Josh Heupel is confronting a wide-open No. 3 wide receiver competition this offseason after Chris Brazzell moved on to the NFL. The uncertainty at receiver has pushed Tennessee’s tight ends into a spot they did not expect to occupy so quickly.
Braylon Staley and Mike Matthews project as the Vols’ top two wide receivers, leaving the No. 3 job up for grabs between Travis Smith, Radarious Jackson, Joakim Dodson, Tristen Keys and Tyreek King. That scramble matters because Tennessee has, at times over the last two seasons, trotted out three tight ends on the field — a formation that can change both personnel usage and play-calling.
Two of those tight ends are catching attention. Ethan Davis and DaSaahn Brame are both catch-first tight ends who have been improving as blockers, and coaches think their skill sets could be more than complementary. Brent Hubbs put it bluntly about Davis: "Ethan Davis’s athletic ability is very, very obvious, and we all saw that last year." He added a note of caution and praise: "It’s just a matter of Ethan staying healthy. If Ethan can stay healthy, then I think he’s going to be a really good tight end for this group, and a really good player. And behind him, DaSaahn Brame is a freak athlete."
An anonymous Tennessee source told CBS Sports that Davis is a "super athletic tight end that can catch like a wide receiver and play in space," a description that aligns with what Tennessee has tried to build schematically. Heupel has praised Brame’s route work this spring: "He’s very natural as a route runner." Heupel added that Brame "understands space, leverage, and being able to go up and high point with a big catch radius… He has definitely grown in becoming a complete tight end, of being able to play in the run game and protection, too. I am really excited about what he’s done." Heupel also noted Brame’s durability question coming into college: "That’s a guy that missed a bunch of time with an injury coming out of high school."

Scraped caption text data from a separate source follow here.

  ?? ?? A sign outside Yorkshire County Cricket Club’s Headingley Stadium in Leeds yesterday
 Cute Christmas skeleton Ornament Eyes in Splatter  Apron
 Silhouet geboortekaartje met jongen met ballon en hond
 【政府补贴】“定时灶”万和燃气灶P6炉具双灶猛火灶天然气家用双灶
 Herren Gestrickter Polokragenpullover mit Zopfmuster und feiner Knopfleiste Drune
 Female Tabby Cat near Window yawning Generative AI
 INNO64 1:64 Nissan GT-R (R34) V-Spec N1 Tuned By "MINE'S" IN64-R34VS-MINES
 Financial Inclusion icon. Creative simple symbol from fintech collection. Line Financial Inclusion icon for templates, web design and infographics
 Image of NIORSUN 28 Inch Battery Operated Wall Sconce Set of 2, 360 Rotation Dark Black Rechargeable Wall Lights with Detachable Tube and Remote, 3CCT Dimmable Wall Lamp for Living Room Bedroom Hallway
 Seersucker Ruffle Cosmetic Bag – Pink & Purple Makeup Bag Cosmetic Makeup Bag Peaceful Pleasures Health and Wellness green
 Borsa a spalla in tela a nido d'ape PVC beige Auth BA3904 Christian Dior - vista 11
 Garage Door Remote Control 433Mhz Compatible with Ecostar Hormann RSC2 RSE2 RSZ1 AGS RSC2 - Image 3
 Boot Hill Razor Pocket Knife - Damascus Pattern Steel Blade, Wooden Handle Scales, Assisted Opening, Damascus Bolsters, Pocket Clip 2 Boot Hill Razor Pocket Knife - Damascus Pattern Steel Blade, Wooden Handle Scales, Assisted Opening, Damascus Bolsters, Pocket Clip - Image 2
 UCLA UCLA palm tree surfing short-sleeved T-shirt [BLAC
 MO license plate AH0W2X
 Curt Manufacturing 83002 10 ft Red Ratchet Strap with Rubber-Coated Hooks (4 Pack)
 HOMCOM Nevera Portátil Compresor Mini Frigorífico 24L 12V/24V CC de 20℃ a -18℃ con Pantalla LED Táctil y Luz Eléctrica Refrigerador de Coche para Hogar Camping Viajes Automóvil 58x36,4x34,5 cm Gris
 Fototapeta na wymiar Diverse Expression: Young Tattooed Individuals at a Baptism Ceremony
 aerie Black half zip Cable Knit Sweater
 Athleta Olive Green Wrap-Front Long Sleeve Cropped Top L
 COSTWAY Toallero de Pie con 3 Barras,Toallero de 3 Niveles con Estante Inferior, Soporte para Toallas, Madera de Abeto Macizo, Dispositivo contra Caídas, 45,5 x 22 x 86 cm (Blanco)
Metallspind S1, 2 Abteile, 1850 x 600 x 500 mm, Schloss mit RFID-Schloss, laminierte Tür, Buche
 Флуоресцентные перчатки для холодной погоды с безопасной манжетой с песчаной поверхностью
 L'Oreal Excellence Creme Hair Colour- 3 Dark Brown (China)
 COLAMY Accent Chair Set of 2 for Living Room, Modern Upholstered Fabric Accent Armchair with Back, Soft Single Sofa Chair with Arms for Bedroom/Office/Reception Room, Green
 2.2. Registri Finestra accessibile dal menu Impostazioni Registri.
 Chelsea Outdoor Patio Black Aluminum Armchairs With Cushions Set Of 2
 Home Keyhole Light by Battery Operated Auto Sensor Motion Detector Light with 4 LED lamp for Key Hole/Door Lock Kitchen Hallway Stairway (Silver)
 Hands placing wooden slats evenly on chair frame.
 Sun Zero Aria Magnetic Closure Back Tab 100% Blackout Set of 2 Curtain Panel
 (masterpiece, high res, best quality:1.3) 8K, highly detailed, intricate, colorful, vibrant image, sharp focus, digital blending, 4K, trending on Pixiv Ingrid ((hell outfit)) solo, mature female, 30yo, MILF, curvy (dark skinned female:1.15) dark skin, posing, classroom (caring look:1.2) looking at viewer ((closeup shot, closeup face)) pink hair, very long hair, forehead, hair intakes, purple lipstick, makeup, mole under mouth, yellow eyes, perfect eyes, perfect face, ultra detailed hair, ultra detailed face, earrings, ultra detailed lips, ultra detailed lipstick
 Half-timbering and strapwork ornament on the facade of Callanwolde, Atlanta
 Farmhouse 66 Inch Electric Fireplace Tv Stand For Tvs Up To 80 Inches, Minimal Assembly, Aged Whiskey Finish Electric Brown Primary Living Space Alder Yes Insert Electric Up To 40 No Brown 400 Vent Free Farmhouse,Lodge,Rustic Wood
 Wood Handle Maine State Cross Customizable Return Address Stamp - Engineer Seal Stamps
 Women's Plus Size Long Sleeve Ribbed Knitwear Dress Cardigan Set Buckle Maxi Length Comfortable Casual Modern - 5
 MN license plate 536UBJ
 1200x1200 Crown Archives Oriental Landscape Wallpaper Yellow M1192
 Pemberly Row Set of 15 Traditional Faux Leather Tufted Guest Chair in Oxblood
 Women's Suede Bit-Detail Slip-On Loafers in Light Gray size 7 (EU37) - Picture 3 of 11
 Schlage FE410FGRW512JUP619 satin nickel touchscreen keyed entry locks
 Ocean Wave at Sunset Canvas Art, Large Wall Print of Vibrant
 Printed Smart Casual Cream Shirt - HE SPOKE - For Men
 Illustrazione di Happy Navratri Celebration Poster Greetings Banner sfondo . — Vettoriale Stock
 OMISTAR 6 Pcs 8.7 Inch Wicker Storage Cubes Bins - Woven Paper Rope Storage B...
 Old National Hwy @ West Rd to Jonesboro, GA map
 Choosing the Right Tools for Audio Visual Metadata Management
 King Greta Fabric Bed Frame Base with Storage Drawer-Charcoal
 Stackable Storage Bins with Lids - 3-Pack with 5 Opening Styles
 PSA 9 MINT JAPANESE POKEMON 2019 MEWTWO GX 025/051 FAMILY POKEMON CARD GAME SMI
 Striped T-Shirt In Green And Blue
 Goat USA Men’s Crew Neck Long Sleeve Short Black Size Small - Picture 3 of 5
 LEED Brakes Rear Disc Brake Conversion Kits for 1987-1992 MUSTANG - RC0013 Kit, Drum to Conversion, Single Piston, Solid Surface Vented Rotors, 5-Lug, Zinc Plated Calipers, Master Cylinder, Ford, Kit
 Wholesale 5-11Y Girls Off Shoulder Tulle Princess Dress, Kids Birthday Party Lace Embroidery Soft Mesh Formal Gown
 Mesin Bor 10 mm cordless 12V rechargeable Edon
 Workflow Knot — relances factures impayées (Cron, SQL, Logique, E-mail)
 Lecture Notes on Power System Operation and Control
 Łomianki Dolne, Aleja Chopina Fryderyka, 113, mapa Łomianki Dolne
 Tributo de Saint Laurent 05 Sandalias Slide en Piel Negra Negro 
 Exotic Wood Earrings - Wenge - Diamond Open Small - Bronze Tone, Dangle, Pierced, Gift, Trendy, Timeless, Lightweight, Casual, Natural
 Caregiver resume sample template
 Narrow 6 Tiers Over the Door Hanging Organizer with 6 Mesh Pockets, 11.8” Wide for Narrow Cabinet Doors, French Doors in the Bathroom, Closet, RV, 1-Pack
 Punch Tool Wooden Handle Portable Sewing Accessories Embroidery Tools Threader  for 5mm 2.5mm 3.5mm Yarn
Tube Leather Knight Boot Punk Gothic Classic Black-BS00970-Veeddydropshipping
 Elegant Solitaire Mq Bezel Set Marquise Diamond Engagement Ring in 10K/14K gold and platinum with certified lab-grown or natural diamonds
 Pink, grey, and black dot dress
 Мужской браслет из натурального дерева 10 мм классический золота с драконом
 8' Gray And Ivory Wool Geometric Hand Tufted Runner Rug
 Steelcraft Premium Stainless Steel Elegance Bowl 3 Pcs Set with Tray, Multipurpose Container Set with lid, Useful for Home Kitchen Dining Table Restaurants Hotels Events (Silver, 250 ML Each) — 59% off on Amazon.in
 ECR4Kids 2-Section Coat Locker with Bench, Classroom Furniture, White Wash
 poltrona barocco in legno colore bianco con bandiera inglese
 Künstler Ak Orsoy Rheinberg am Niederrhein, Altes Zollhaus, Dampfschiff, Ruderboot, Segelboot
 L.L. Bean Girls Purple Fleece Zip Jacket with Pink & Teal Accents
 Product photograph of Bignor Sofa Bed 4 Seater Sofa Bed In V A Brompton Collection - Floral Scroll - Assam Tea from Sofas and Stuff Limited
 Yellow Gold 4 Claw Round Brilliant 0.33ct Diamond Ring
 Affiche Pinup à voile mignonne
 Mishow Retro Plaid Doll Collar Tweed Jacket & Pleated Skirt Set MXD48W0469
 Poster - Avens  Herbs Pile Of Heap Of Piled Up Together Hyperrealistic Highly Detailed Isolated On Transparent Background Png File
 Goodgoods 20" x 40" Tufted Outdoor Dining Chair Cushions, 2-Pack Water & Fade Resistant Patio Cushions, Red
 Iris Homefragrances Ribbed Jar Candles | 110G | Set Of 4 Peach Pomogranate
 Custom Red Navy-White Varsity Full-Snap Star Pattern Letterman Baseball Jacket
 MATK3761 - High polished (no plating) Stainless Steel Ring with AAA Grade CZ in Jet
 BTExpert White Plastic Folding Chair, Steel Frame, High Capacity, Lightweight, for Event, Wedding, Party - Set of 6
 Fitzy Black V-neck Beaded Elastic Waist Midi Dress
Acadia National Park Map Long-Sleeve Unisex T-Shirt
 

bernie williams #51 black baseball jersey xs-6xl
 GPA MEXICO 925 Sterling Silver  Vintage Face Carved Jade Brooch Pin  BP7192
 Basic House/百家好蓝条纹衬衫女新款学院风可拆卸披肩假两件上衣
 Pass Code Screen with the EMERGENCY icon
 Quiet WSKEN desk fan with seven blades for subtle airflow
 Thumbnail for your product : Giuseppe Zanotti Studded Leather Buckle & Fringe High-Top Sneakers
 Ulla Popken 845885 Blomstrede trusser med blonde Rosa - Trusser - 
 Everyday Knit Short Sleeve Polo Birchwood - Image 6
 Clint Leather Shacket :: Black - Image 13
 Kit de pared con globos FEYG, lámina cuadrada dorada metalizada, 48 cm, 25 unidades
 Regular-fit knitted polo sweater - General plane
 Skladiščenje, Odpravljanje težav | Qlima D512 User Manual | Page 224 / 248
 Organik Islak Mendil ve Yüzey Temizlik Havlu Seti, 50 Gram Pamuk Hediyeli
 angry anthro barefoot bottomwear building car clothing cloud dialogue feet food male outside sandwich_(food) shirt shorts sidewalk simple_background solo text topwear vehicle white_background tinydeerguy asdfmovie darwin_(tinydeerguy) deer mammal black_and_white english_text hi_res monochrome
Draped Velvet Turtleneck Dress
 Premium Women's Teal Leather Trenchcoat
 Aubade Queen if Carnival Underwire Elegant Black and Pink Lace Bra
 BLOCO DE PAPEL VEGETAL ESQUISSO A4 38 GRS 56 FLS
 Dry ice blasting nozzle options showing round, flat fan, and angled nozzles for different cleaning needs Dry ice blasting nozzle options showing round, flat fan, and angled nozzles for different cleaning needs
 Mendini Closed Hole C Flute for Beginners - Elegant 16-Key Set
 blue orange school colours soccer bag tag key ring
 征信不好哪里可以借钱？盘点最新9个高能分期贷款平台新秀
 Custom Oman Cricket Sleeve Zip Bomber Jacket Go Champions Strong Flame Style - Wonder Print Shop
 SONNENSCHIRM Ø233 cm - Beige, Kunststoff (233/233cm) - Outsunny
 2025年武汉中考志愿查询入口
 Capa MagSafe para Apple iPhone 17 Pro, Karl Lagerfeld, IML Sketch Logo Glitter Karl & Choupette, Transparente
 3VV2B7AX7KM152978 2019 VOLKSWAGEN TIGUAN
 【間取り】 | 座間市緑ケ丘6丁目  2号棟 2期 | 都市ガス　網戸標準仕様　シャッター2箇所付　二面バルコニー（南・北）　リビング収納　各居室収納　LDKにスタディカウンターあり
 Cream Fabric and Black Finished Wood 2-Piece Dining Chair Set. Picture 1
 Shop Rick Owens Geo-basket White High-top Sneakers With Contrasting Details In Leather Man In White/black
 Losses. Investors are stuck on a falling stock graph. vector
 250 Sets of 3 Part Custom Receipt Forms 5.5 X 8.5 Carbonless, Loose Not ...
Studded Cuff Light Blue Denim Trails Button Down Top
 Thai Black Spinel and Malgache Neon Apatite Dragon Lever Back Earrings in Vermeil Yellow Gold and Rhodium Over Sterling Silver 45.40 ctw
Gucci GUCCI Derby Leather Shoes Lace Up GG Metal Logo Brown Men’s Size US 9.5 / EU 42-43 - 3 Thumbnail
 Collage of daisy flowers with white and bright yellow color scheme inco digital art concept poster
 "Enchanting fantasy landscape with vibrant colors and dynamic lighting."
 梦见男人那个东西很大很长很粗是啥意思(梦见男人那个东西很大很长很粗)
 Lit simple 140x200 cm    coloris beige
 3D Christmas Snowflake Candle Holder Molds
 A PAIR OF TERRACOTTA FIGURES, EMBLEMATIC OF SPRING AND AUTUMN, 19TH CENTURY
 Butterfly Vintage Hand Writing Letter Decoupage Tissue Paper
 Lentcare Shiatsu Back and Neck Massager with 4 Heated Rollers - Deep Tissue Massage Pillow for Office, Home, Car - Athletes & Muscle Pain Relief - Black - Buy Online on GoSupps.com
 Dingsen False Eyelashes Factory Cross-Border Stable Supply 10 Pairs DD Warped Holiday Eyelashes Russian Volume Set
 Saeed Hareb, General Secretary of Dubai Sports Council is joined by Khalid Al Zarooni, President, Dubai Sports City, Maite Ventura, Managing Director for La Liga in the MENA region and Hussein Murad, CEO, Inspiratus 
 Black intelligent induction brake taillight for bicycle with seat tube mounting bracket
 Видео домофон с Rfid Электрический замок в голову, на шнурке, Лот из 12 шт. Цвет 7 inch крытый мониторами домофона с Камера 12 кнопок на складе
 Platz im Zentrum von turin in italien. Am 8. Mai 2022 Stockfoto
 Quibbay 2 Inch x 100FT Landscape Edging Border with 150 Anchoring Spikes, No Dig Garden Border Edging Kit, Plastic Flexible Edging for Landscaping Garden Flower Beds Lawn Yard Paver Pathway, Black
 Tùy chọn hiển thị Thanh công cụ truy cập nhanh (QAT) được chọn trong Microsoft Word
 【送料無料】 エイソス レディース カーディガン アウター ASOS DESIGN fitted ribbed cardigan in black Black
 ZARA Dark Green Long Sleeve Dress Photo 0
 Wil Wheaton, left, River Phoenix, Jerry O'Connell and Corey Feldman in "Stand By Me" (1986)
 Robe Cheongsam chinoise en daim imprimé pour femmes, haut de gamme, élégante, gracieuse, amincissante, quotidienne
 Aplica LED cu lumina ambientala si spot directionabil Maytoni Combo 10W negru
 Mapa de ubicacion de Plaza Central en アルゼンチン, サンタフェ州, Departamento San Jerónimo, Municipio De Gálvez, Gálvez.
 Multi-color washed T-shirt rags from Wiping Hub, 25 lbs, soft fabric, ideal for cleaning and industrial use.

The comparison coaches and analysts pull out is not about personality but production. Tennessee’s potential use of multiple tight ends is being measured against the 2011 New England Patriots, when Rob Gronkowski and Aaron Hernandez combined for 169 receptions, 2,237 yards and 24 touchdowns. If Tennessee does lean harder on its tight ends in 2026, those numbers are the kind of benchmark that could make defenses adjust and force mismatches in the middle of the field.
Still, the picture is not clean. The Vols’ receiver room remains unsettled at the No. 3 spot, and the tight ends’ rise depends on two fragile variables: health and blocking development. Both Davis and Brame are labeled catch-first, and while coaches report improvement in their blocking, using them as primary weapons will require consistent protection and durability over the course of a season. That tension — elite receiving upside versus the physical grind of college run schemes and pass protection — is the real question Heupel must answer before fall practice begins.
If Davis can stay healthy and Brame continues his rapid development, Tennessee’s tight end group could become a central axis of the Vols’ 2026 passing attack. With the No. 3 wide receiver job unresolved, Heupel’s staff appears willing to gamble on tight ends producing perimeter-like receiving value from the slot and seams, a shift that could reshape Tennessee’s offense this fall.